Streaming
AgentFlow gives you three execution modes — invoke (sync, wait for finish), stream (sync generator), and astream (async generator). Streaming is essential for chat UIs where users expect to see words appear as the model produces them.
How it works
Use invoke when you need the full result before proceeding. Use stream / astream when the client should see partial responses immediately.
StreamChunk
Every streaming event is a StreamChunk Pydantic model:
from agentflow.core.state.stream_chunks import StreamChunk, StreamEvent
class StreamChunk(BaseModel):
event: StreamEvent # "message" | "state" | "error" | "updates"
message: Message | None # populated for StreamEvent.MESSAGE
state: AgentState | None # populated for StreamEvent.STATE
data: dict | None # populated for StreamEvent.ERROR / UPDATES
thread_id: str | None
run_id: str | None
metadata: dict | None
timestamp: float # UNIX timestamp
StreamEvent values
StreamEvent | Value | When sent | Populated field |
|---|---|---|---|
StreamEvent.MESSAGE | "message" | Each model output message | chunk.message |
StreamEvent.STATE | "state" | After each node completes | chunk.state |
StreamEvent.ERROR | "error" | Execution error | chunk.data |
StreamEvent.UPDATES | "updates" | Custom node-level updates | chunk.data |
ResponseGranularity
Both stream() and astream() accept a response_granularity parameter to control what is included in each StreamChunk:
from agentflow.utils import ResponseGranularity
| Value | Description |
|---|---|
ResponseGranularity.LOW | Only the latest messages (default) |
ResponseGranularity.PARTIAL | Context, context_summary, and latest messages |
ResponseGranularity.FULL | Complete state and messages |
Synchronous streaming
app.stream() is a synchronous generator.

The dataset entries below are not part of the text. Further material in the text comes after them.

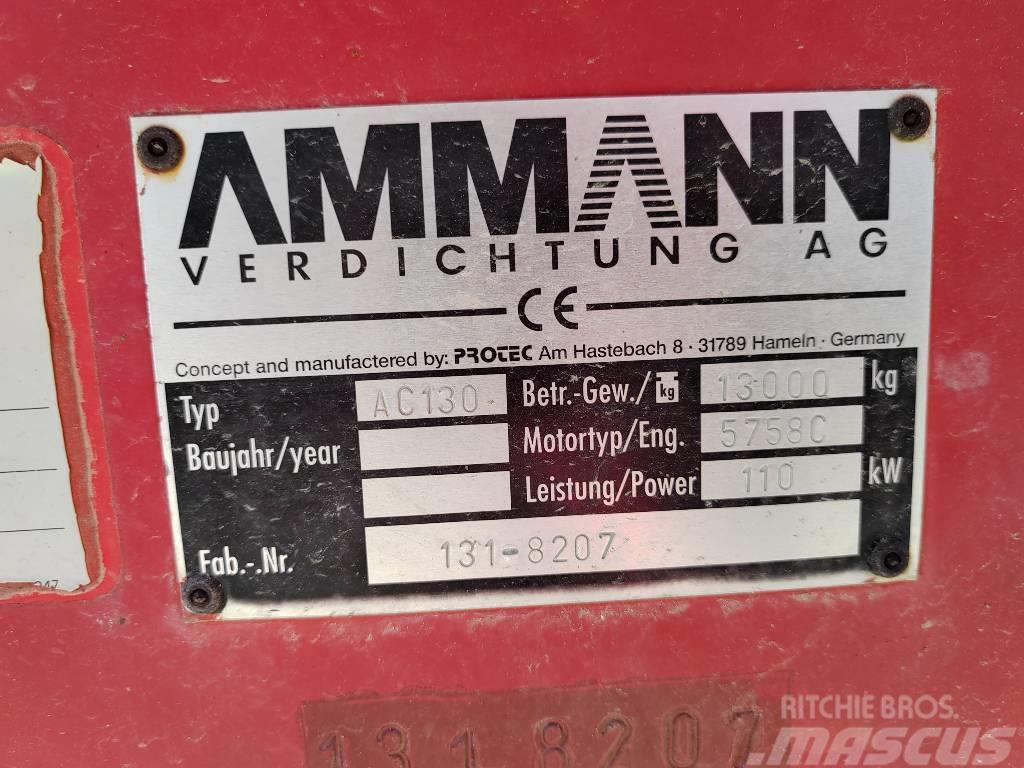 Ammann AC 130 Kombinované valce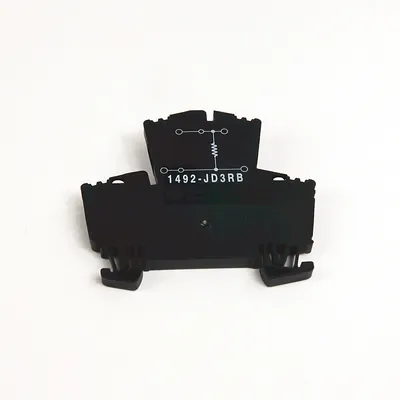 Allen-Bradley 1492-JD3RB122 – IEC 2-Ckt Feed-Through Blk,Resistor,4mm Allen-Bradley 1492-JD3RB122 – IEC 2-Ckt Feed-Through Blk,Resistor,4mm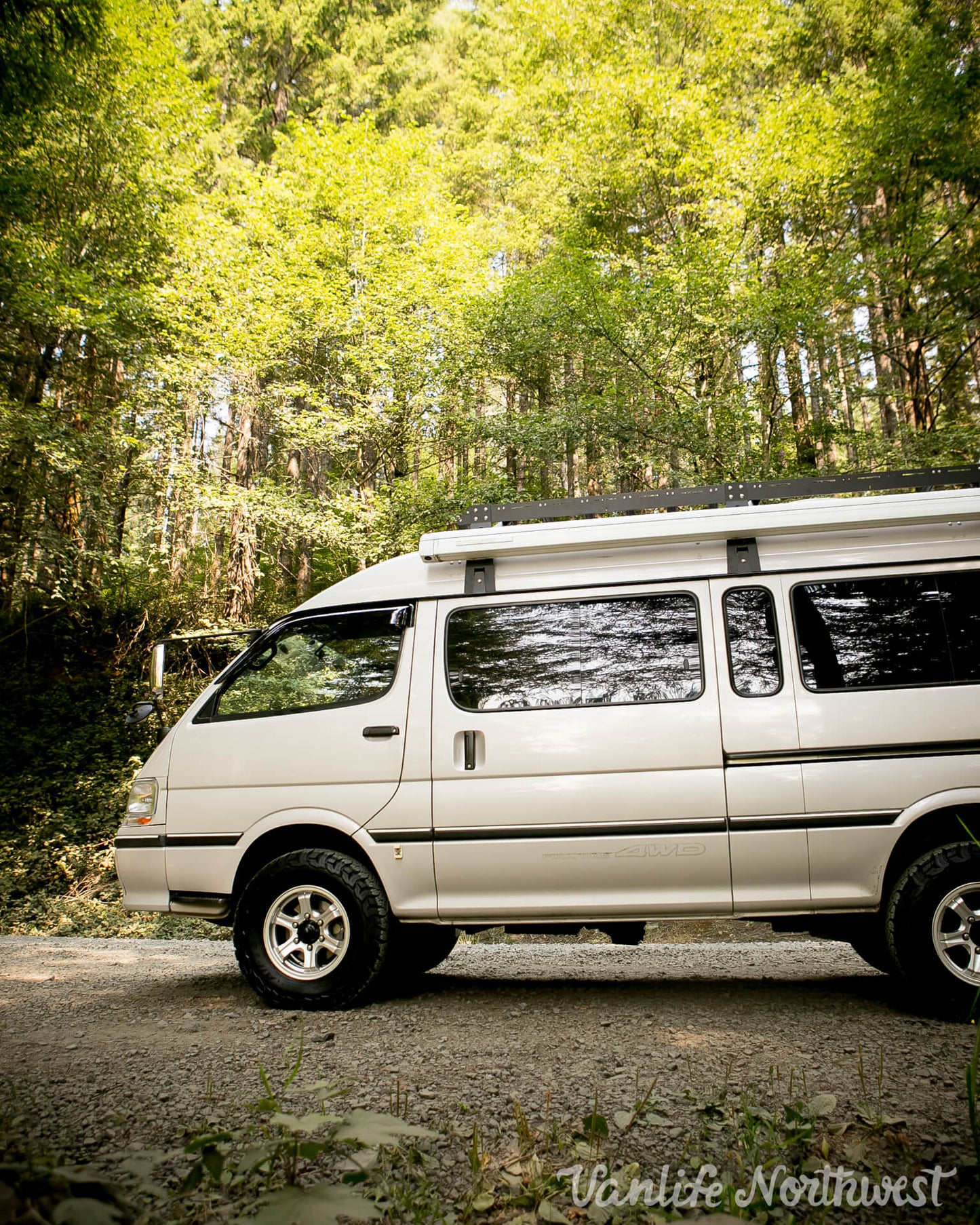Pluto Roof Rack - High-Roof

Use it from non-async code:
import asyncio
from agentflow.core.state import Message
from agentflow.utils import ResponseGranularity
from agentflow.core.state.stream_chunks import StreamEvent
for chunk in app.stream(
{"messages": [Message.text_message("Tell me a short story.")]},
config={"thread_id": "stream-1", "recursion_limit": 10},
response_granularity=ResponseGranularity.LOW,
):
if chunk.event == StreamEvent.MESSAGE and chunk.message is not None:
print(chunk.message.text(), end="", flush=True)

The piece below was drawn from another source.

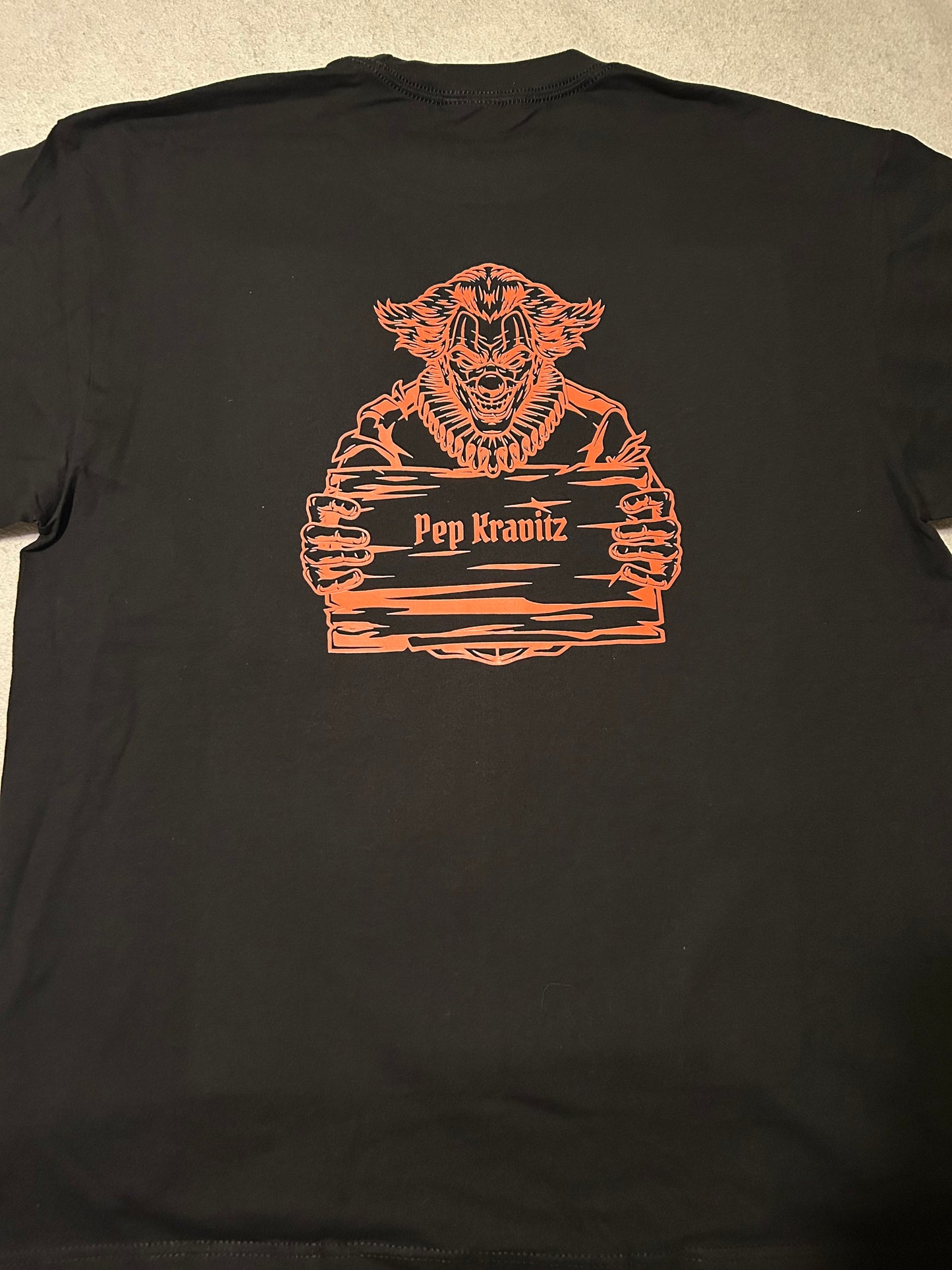 "Satan Runs From Us" Heavyweight Shirts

print() # trailing newline
Asynchronous streaming
app.astream() is an async generator. Use it inside async code (e.g., FastAPI, async tests):
import asyncio
from agentflow.core.state import Message
from agentflow.utils import ResponseGranularity
from agentflow.core.state.stream_chunks import StreamEvent
async def main():
inp = {"messages": [Message.text_message("Call get_weather for Tokyo.")]}
config = {"thread_id": "astream-1", "recursion_limit": 10}
async for chunk in app.astream(inp, config, ResponseGranularity.LOW):
if chunk.event == StreamEvent.MESSAGE and chunk.message is not None:
print(chunk.message.text(), end="", flush=True)

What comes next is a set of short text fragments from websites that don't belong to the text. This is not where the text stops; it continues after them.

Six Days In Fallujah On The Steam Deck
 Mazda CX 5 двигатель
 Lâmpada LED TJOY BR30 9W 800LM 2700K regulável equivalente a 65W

elif chunk.event == StreamEvent.STATE and chunk.state is not None:
print(f"\n[state received, step={chunk.state.execution_meta.step}]")
asyncio.run(main())
Inspecting all chunk types
async for chunk in app.astream(inp, config):
match chunk.event:
case StreamEvent.MESSAGE:
# new message from the model or a tool
print("message:", chunk.message.text())
case StreamEvent.STATE:
# node completed — full or partial state
print("state step:", chunk.state.execution_meta.step)
case StreamEvent.ERROR:
print("error:", chunk.data)
case StreamEvent.UPDATES:
print("updates:", chunk.data)
invoke and ainvoke
For non-streaming use, app.invoke() and app.ainvoke() return a plain dict:
# Sync
result = app.invoke(
{"messages": [Message.text_message("Hello!")]},
config={"thread_id": "t1"},
response_granularity=ResponseGranularity.LOW,
)
messages = result["messages"] # list of Message
# Async
result = await app.ainvoke(
{"messages": [Message.text_message("Hello!")]},
config={"thread_id": "t1"},
)
The returned dict keys depend on response_granularity:
| Granularity | Keys present |
|---|---|
LOW | messages |
PARTIAL | messages, context, context_summary |
FULL | messages, state |
Stopping a running stream
Call app.stop() / app.astop() to request cancellation. The graph checks a stop flag after each node and exits cleanly:
# stop from another coroutine / thread
await app.astop({"thread_id": "stream-1"})
Via the REST API:
POST /v1/graph/stop
Content-Type: application/json
{"thread_id": "stream-1"}
Streaming via the REST API
POST /v1/graph/stream returns a server-sent events (SSE) response. Each event is a JSON-encoded StreamChunk:
curl -N -X POST http://127.0.0.1:8000/v1/graph/stream \
-H "Content-Type: application/json" \
-d '{
"messages": [{"role": "user", "content": "Tell me a short story."}],
"config": {"thread_id": "rest-stream-1"}
}'
Response:
data: {"event": "message", "message": {"role": "assistant", "content": [{"type": "text", "text": "Once"}]}, ...}
data: {"event": "message", "message": {"role": "assistant", "content": [{"type": "text", "text": " upon a time"}]}, ...}
data: {"event": "state", "state": {...}, ...}
Streaming in TypeScript
AgentFlowClient.stream returns an async iterator of StreamChunk:
import { AgentFlowClient, Message, StreamEvent } from "@10xscale/agentflow-client";
const client = new AgentFlowClient({ baseUrl: "http://127.0.0.1:8000" });
for await (const chunk of client.stream(
[Message.textMessage("Tell me a short story.")],
{ config: { threadId: "ts-stream-1" } },
)) {
if (chunk.event === StreamEvent.MESSAGE && chunk.message) {
process.stdout.write(chunk.message.text ?? "");
}
}
console.log();